WHAT THIS TASK INVOLVES =>
Below is a listing; print exactly its lines from the one containing "Rendering of Five" down to the one containing "Tufted Dot Bed", both inclusive, with every picture left out.

DATA =>
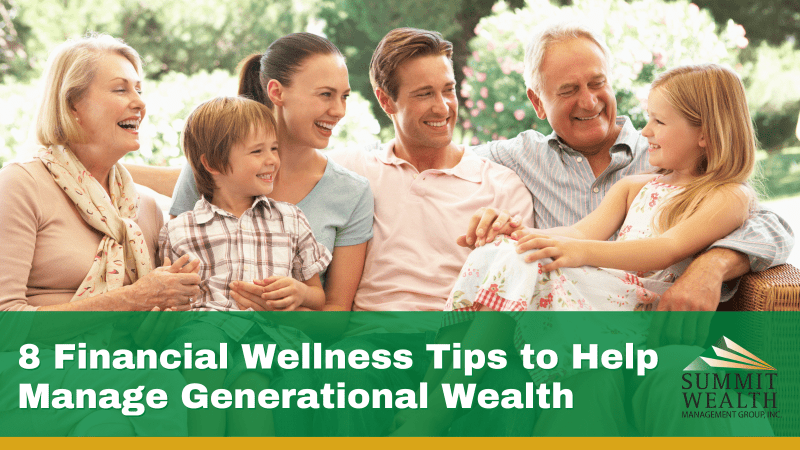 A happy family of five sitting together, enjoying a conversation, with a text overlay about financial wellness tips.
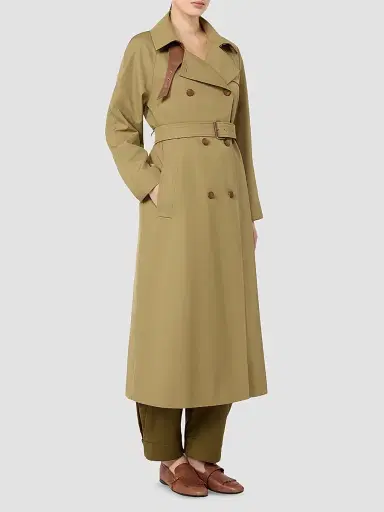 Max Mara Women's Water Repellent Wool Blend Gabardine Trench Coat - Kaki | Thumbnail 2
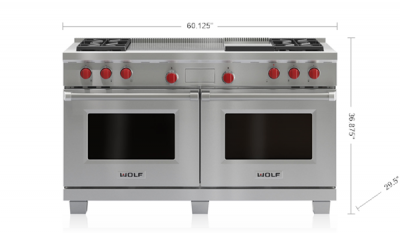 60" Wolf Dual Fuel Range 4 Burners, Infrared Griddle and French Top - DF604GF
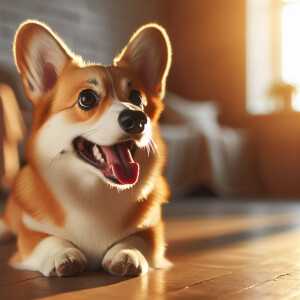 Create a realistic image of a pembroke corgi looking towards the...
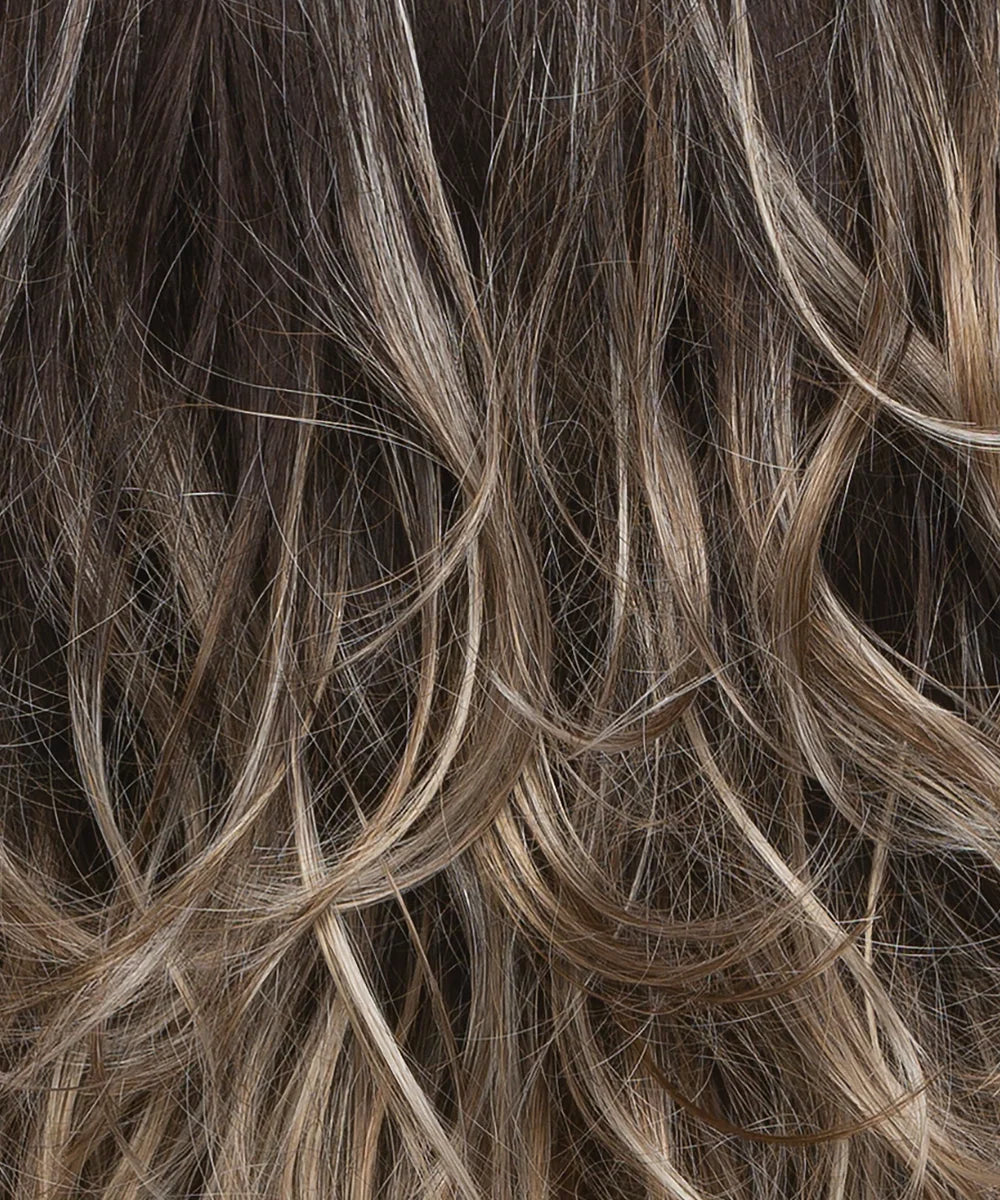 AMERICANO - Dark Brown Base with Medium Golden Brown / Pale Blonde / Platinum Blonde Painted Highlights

---

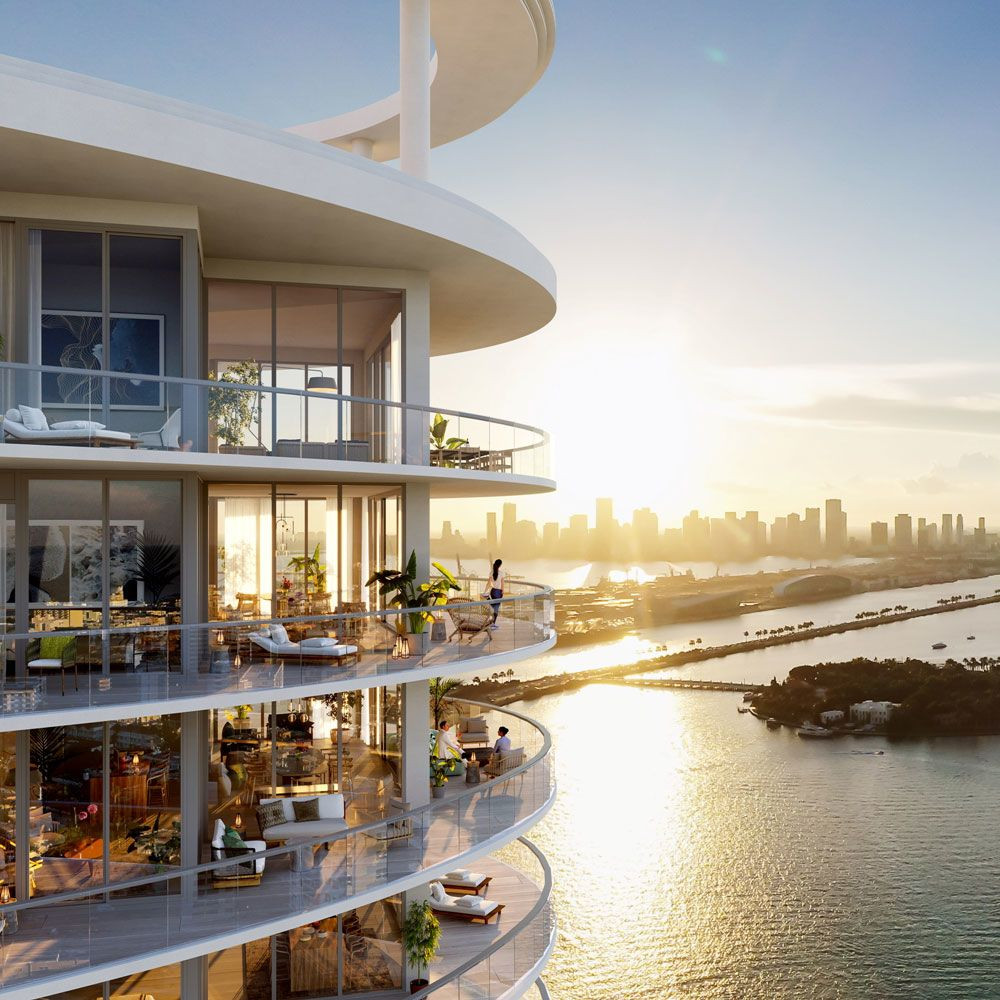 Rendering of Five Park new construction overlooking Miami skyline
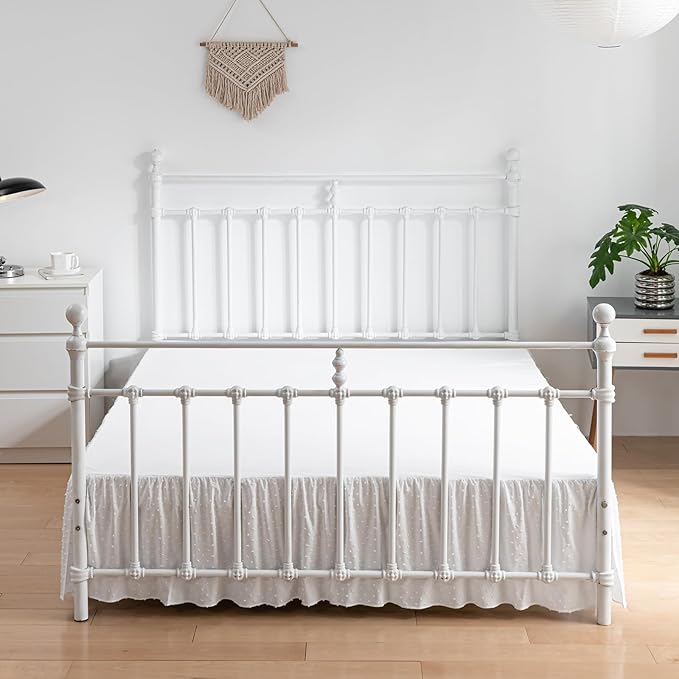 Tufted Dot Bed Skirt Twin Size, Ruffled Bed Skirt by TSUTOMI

==

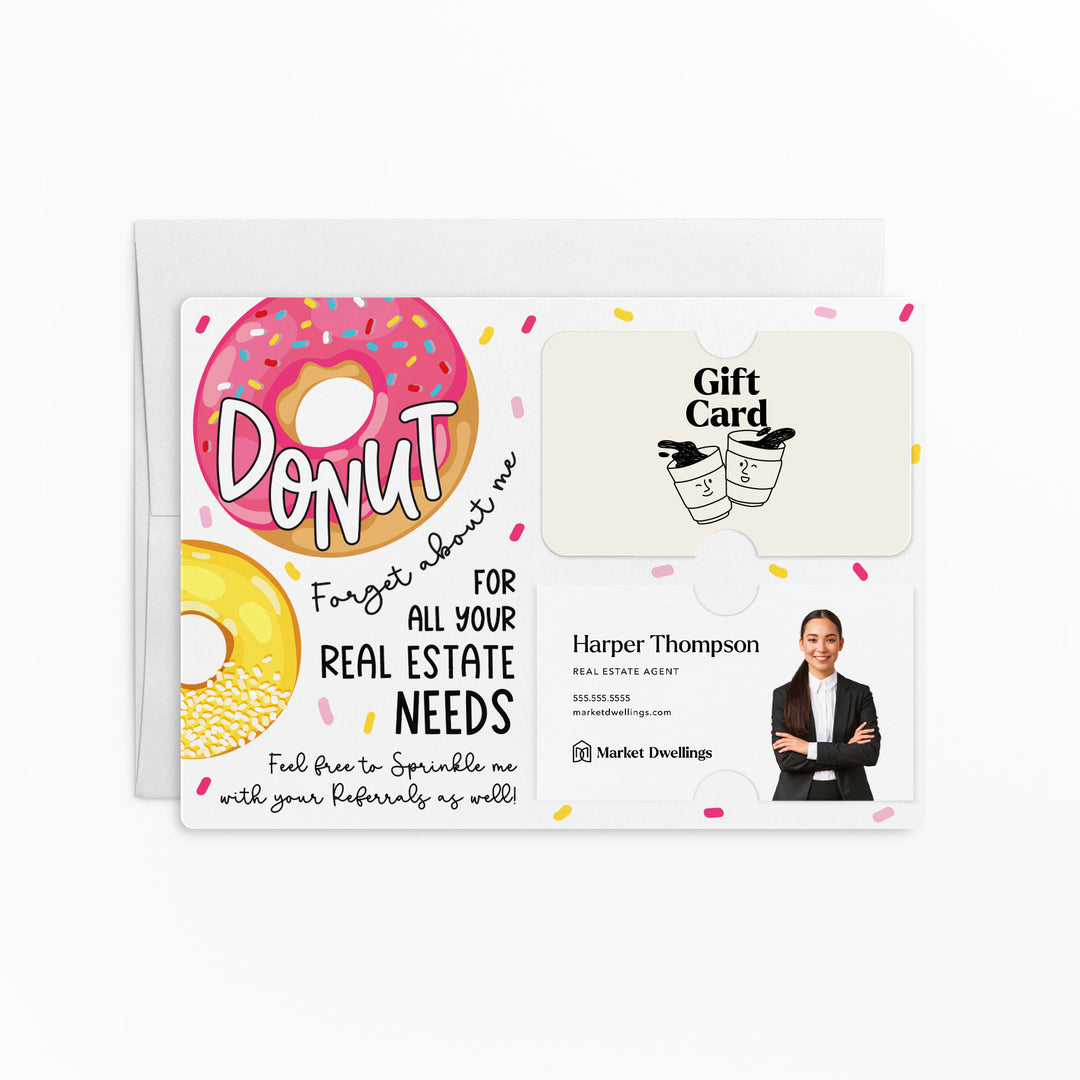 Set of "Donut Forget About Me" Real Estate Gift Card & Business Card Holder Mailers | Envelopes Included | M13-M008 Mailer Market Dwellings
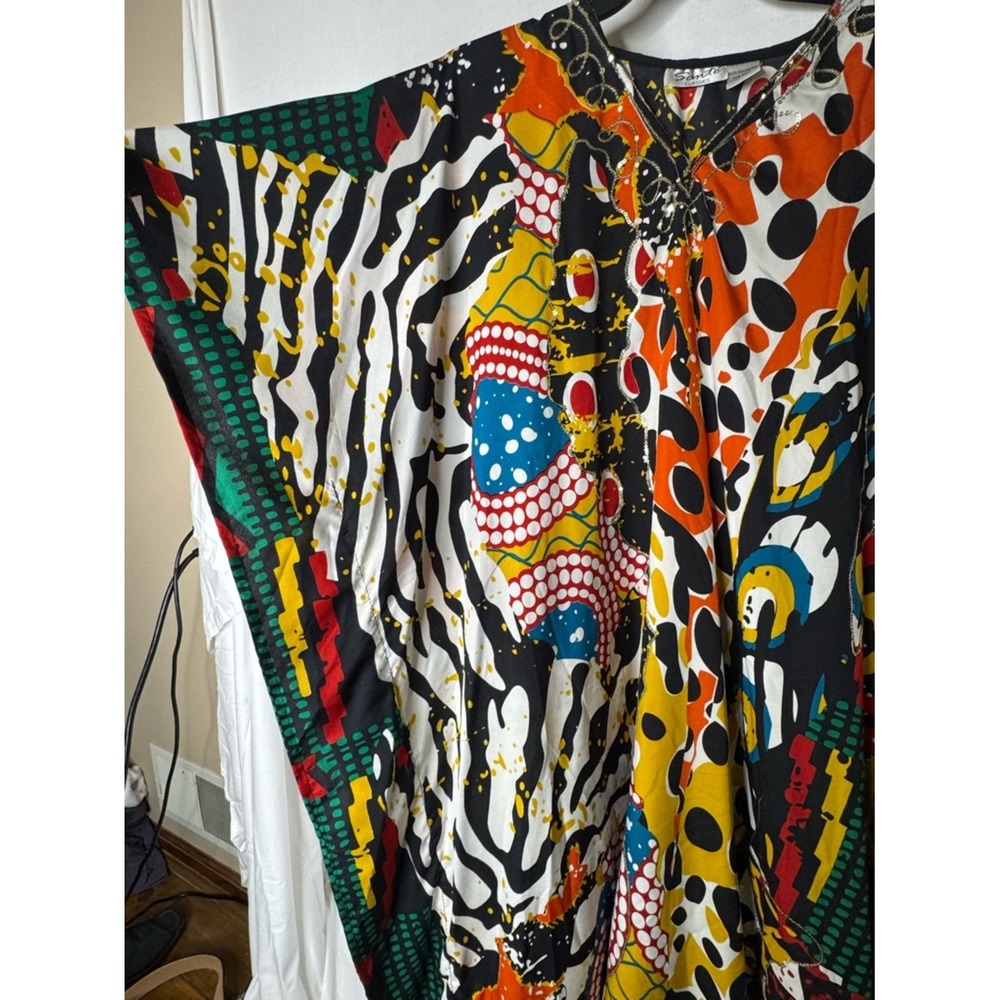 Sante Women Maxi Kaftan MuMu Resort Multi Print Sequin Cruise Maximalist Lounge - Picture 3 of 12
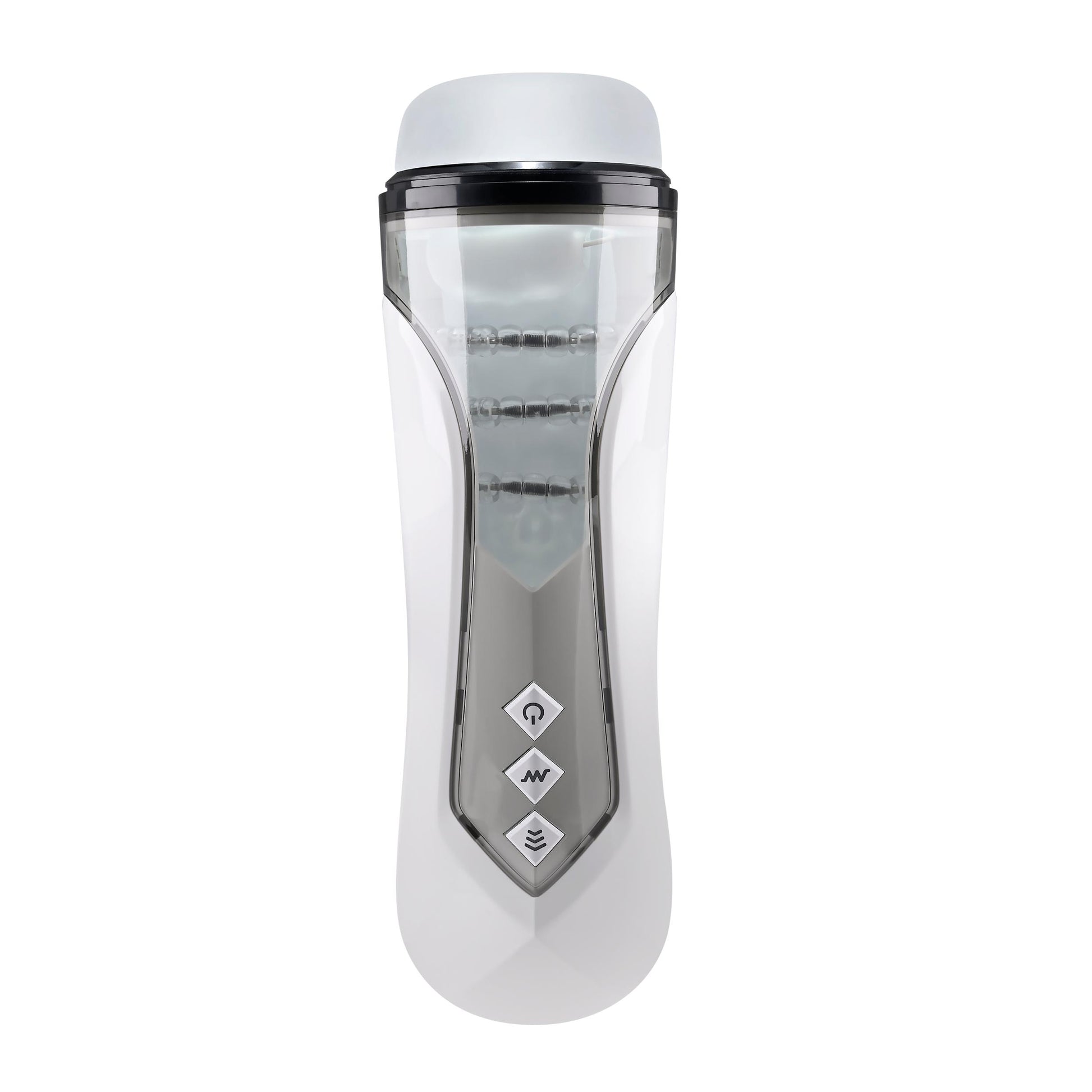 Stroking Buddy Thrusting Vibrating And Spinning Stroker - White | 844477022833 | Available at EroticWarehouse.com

RESULT FOR THIS EXERCISE =>
 Rendering of Five Park new construction overlooking Miami skyline
 Tufted Dot Bed Skirt Twin Size, Ruffled Bed Skirt by TSUTOMI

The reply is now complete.